BEGIN

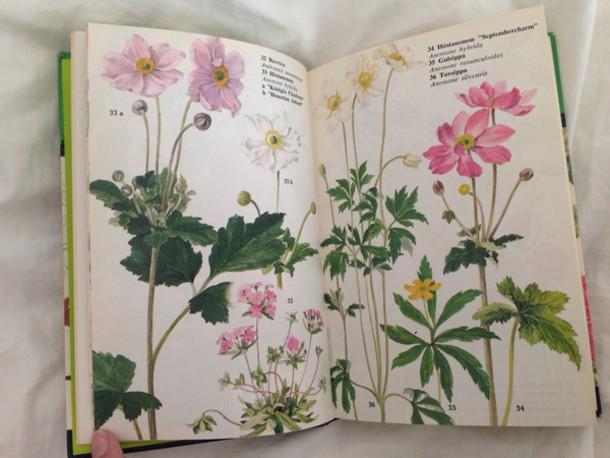 Tử vi tuần mới 12 con giáp từ 13/1/2020 - 19/1/2020: Tuất cảnh giác với bạn bè mới, Sửu tình duyên ngày càng thăng hoa-2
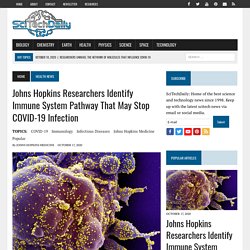 10/17/20: Johns Hopkins Researchers Identify Immune System Pathway That May Stop COVID-19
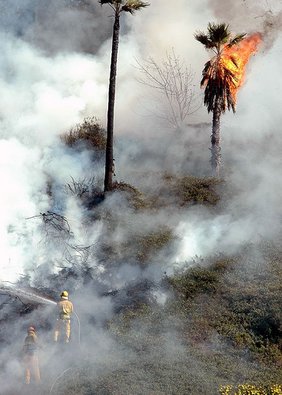 LAFD fighting a fire in Cahuenga Pass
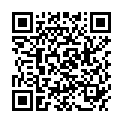 QR Стабильный ортез LumboLoc, размер 1, титан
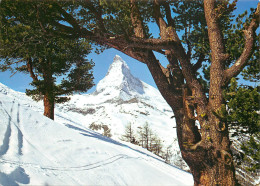 Switzerland Zermatt Matterhorn Paysage D'hiver - Matt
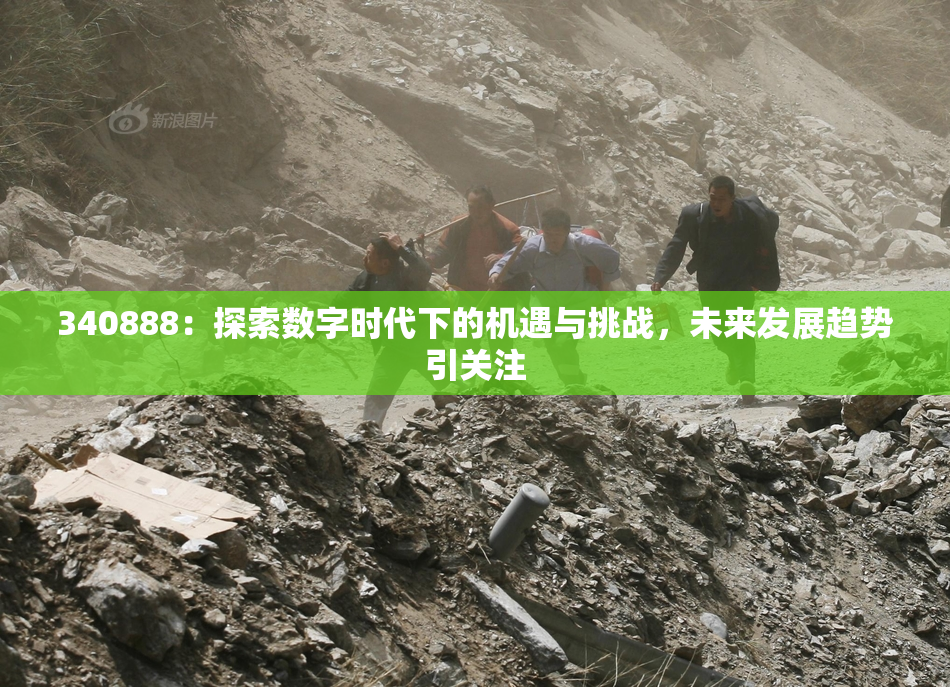 340888：探索数字时代下的机遇与挑战，未来发展趋势引关注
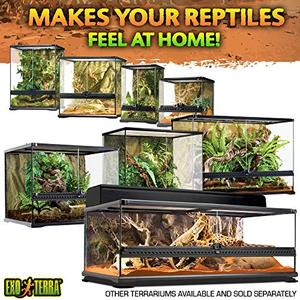 Exo Terra Glass Terrarium Kit, for Reptiles and Amphibians, Nano di Pets  Usa Tokopedia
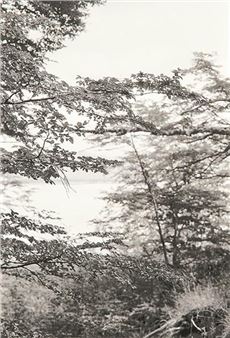 Parque Nacional Los glaciares. Ruta 40 ( Serie Salinas Grandes) - Fernando Maquieira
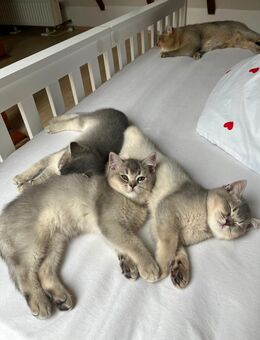 Unsere süßen Babykatzen suchen bald ein liebevolles zu Hause - Ratingen Zentrum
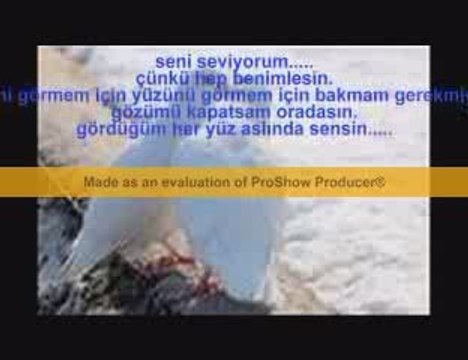 seni seviyorum çünkü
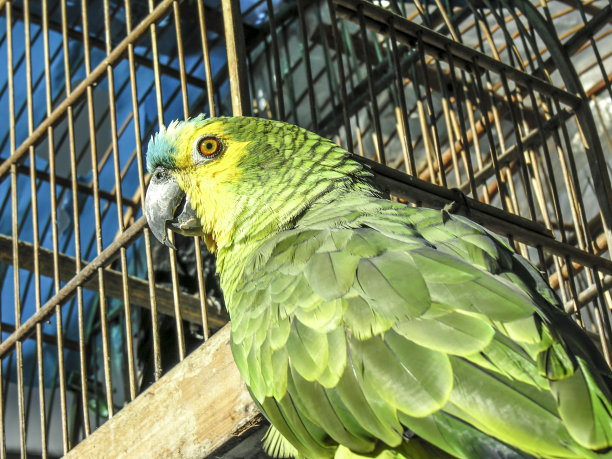 背景是巴西的绿鹦鹉和笼子图片下载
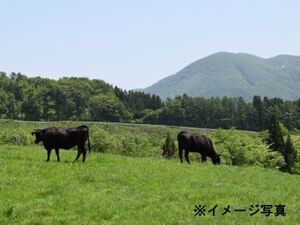 鹿児島県薩摩川内市×肉牛・露地野菜/法人【42680】-top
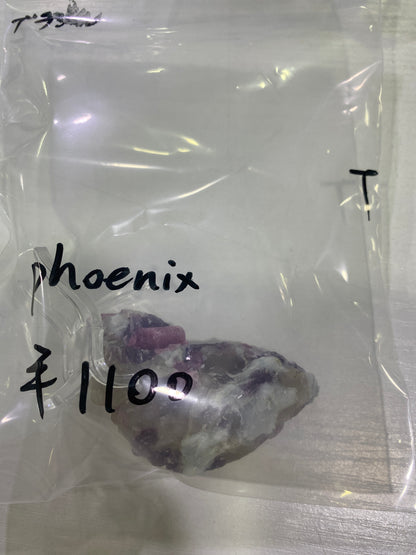 102-phoenix様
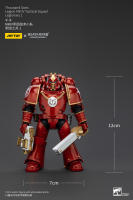 JOYTOY Figura de Acción Horus Heresy Legión de Mil Hijos del Tacticante MK IV - details 20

END

Activity =
The whole of the data needs to be copied word for word, though not its pictures.

The completed task =
 Tử vi tuần mới 12 con giáp từ 13/1/2020 - 19/1/2020: Tuất cảnh giác với bạn bè mới, Sửu tình duyên ngày càng thăng hoa-2
 10/17/20: Johns Hopkins Researchers Identify Immune System Pathway That May Stop COVID-19
 LAFD fighting a fire in Cahuenga Pass
 QR Стабильный ортез LumboLoc, размер 1, титан
 Switzerland Zermatt Matterhorn Paysage D'hiver - Matt
 340888：探索数字时代下的机遇与挑战，未来发展趋势引关注
 Exo Terra Glass Terrarium Kit, for Reptiles and Amphibians, Nano di Pets  Usa Tokopedia
 Parque Nacional Los glaciares. Ruta 40 ( Serie Salinas Grandes) - Fernando Maquieira
 Unsere süßen Babykatzen suchen bald ein liebevolles zu Hause - Ratingen Zentrum
 seni seviyorum çünkü
 背景是巴西的绿鹦鹉和笼子图片下载
 鹿児島県薩摩川内市×肉牛・露地野菜/法人【42680】-top
 102-phoenix様
 JOYTOY Figura de Acción Horus Heresy Legión de Mil Hijos del Tacticante MK IV - details 20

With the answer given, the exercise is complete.